# Moss I.D. Please



## HighWater (Sep 15, 2014)

I bought a small chunk of this moss about a year ago from a member here.
I stuck it to a piece of driftwood in one of my tanks and left it. Now a year later it looks like an old Tina Turner wig and it's time to trim it back.
Can anyone tell me what moss it is as I can't remember the name??
Thanks! (sorry for the crappy cell phone pics..... )


----------



## HighWater (Sep 15, 2014)

..........Anyone?


----------



## ArtihC (Feb 9, 2012)

Looks like christmas moss to me


----------



## HighWater (Sep 15, 2014)

ArtihC said:


> Looks like christmas moss to me


Oh great...I had a PM telling me it was either Singapore or Taiwan moss??
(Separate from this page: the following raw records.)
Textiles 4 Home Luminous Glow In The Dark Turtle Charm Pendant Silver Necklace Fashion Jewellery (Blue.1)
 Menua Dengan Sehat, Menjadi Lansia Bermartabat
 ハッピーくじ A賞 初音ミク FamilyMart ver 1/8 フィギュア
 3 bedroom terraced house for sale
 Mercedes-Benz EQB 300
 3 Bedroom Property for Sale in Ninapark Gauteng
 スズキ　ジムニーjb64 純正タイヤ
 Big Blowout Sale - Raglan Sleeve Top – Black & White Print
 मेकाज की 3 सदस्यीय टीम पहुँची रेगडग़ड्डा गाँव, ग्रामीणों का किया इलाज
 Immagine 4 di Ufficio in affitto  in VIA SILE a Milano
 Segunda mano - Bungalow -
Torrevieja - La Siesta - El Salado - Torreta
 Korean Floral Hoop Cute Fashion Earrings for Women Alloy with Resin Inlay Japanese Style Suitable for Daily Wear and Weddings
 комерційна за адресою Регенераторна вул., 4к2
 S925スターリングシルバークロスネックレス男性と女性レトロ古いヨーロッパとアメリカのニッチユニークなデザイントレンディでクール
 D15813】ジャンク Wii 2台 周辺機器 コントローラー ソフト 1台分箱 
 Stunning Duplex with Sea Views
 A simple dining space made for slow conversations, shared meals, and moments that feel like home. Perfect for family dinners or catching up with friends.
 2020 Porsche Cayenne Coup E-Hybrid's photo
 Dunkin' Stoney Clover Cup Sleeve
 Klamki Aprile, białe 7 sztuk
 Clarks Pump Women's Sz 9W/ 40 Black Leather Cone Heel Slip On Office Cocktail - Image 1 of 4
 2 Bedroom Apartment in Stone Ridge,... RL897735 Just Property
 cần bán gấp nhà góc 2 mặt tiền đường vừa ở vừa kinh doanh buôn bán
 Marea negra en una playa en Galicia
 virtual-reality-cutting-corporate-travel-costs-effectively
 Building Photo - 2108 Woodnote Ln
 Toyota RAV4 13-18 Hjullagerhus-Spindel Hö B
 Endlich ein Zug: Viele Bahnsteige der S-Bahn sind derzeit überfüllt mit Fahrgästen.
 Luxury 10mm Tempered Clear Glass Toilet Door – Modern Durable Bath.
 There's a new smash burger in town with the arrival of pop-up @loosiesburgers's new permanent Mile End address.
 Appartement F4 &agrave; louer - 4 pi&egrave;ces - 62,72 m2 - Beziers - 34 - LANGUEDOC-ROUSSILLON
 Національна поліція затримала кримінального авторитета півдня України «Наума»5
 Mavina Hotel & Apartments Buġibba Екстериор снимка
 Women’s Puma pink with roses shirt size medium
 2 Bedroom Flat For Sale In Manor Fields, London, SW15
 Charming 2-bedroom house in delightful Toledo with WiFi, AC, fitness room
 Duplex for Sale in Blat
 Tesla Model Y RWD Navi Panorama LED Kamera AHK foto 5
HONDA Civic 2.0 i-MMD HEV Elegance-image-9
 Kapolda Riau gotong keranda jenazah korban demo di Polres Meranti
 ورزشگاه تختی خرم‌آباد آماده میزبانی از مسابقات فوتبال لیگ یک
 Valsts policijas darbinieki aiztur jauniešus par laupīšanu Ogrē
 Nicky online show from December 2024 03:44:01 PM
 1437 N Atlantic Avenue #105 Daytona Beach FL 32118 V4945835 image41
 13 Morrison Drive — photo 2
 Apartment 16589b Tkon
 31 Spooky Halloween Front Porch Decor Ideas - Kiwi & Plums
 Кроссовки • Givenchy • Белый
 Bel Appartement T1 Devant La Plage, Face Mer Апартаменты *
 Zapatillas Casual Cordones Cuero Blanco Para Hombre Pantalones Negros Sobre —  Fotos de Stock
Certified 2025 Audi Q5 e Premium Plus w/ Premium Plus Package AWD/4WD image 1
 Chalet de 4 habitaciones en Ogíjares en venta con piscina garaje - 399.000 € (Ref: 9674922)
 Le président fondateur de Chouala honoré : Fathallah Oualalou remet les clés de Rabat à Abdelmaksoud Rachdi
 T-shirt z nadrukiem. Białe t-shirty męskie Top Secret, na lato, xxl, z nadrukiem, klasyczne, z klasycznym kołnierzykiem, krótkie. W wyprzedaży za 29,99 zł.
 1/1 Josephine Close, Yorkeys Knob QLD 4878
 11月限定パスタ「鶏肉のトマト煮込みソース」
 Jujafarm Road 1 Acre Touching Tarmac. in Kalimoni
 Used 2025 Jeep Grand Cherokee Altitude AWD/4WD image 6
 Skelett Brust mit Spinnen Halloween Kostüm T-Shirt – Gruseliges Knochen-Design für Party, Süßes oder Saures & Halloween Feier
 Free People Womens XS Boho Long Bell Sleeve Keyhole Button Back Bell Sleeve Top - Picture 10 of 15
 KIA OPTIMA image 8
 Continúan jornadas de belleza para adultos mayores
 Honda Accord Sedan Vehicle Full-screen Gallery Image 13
Thanks ArtihC! Seems we're narrowing it down anyway
.


----------



## HighWater (Sep 15, 2014)

Nobody here can tell me what it is???
Wow?? What happened to all the aquatic plant experts?


----------



## HighWater (Sep 15, 2014)

WOW??!! Over 130 views and nobody can nail down what moss this is?
Maybe it's rare??


----------



## mitko1994 (Dec 12, 2012)

Just by simply looking at the pics of Taiwan,Singapore and Christmas Moss. Your moss looks a lot like Singapore moss but that's just based on observation. If you can provide a close up pic on a small area it may be easier to identify.


----------